You can customize the behavior via the following parameters:

  • overlap: Fraction of overlap between neighboring tiles. Higher values increase small-object recall but also increase computation.

  • threshold: Minimum confidence score required to keep a predicted box.

  • nms_iou_threshold: IoU threshold used for non-maximum suppression when merging predictions coming from different tiles.
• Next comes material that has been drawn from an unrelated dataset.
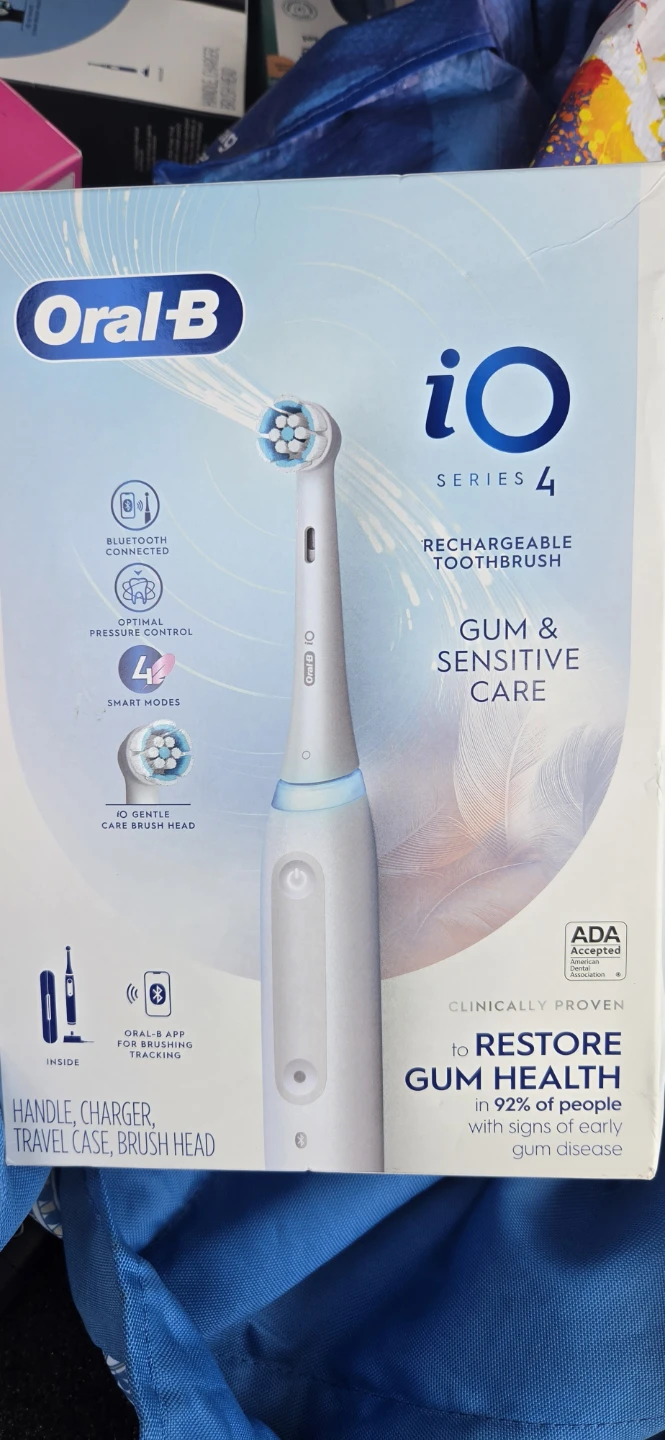 Oral-B iO Series 4 Rechargeable Toothbrush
  • global_local_iou_threshold: Our SAHI-style inference combines predictions from both the global (full-image) view and the local tiles. To avoid duplicate detections, tile predictions are suppressed when they significantly overlap (iou > global_local_iou_threshold) with a prediction of the same class coming from the global view.

_images/street.jpg

Out

The out argument specifies the output directory where all training logs, model exports, and checkpoints are saved. It looks like this after training:

out/my_experiment
├── checkpoints
│   └── last.ckpt                                       # Last checkpoint
├── exported_models
|   └── exported_last.pt                                # Last model exported (unless disabled)
|   └── exported_best.pt                                # Best model exported (unless disabled)
├── events.out.tfevents.1721899772.host.1839736.0       # TensorBoard logs
└── train.log                                           # Training logs

The final model checkpoint is saved to out/my_experiment/checkpoints/last.ckpt. The last and best model weights are exported to out/my_experiment/exported_models/ unless disabled in save_checkpoint_args.

Tip

Create a new output directory for each experiment to keep training logs, model exports, and checkpoints organized.

Data

LightlyTrain supports training object detection models with images and bounding boxes. Every image must have a corresponding annotation file (in YOLO format) that contains for every object in the image a line with the class ID and 4 normalized bounding box coordinates (x_center, y_center, width, height). The file should have the .txt extension and an example annotation file for an image with two objects could look like this:

0 0.716797 0.395833 0.216406 0.147222
1 0.687500 0.379167 0.255208 0.175000

The following image formats are supported:

  • jpg

  • jpeg

  • png

  • ppm

  • bmp

  • pgm

  • tif

  • tiff

  • webp

  • dcm (DICOM)

For more details on LightlyTrain’s support for data input, please check the Data Input page.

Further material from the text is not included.